Elephant herd tramples car after baby struck along Malaysian highway

A herd of wild elephants in Malaysia trampled on a car traveling along a major highway after it struck a baby in their group, local authorities said Monday.

The car, a white Perodua Axia, was being driven by a 48-year-old man, along with his wife and son, 23, according to a statement issued by police in Gerik, in the Malay Peninsula.

The family of three were driving on a major highway from the island of Penang to the northeastern coastal state of Terengganu at around 7.35 p.m. local time on Sunday, when it crashed into the elephant calf.

It had been drizzling and foggy at that time, Gerik Police added, and the car was “negotiating a left bend on the highway” when it hit the baby elephant.

“The car slammed into the young elephant that was walking on the road with the herd,” said Zulkifli Mahmood, Chief Superintendent at Gerik District Police.
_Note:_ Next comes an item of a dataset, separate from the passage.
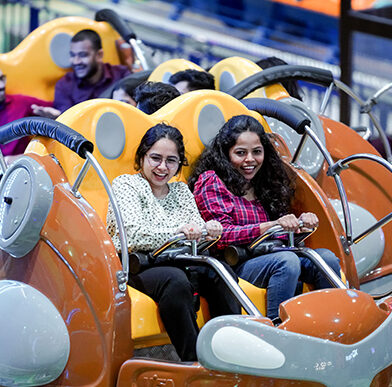Roller Coaster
The calf fell to the ground upon impact, he added.

“Seeing this, the other (five) elephants rushed towards the car and started trampling it.”

The herd then left the area after the calf “got back up,” Mahmood said.

Gerik Police did not specify if the three family members had been inside the car during the incident but no deaths or serious injuries were reported in the police statement.

Photos provided showed extensive damage to the front and sides of the white vehicle, with its side doors caved in. All windows were also smashed.

Authorities did not provide further updates about the condition of the elephant baby.

An elephant in Borneo. - Sylvain CORDIER/Gamma-Rapho/Getty Images/File
An elephant in Borneo. - Sylvain CORDIER/Gamma-Rapho/Getty Images/File

Elephant-human encounters

As a result of Malaysia’s rapid development of highways, wild elephants across the peninsula have lost large amounts of forest cover, forcing many to venture out to roads to find food, conservationists say.

In the latest accident, Gerik police warned drivers to exercise more caution on highways as herds of elephants regularly roam the area.

Signs warning drivers of elephant crossings are also put up along many highways, particularly in the country’s north but accidents have still occured.

In 2017, a baby elephant was discovered dead on the side of a highway, apparently killed by a car believed to have been speeding, elephant conservation group Management and Ecology of Malaysian Elephants (MEME) said at the time.

Other elephant encounters are also reported on several highways.

In May 2022, a lone adult elephant was spotted walking along a highway also in the Gerik area. Videos shared on social media showed the elephant ambling past bewildered drivers.

In 2020, a distressed adult elephant trampled on a car that had been traveling on the same highway as the latest incident. The elephant was believed to have panicked after several vehicles started honking at it, local authorities said at the time.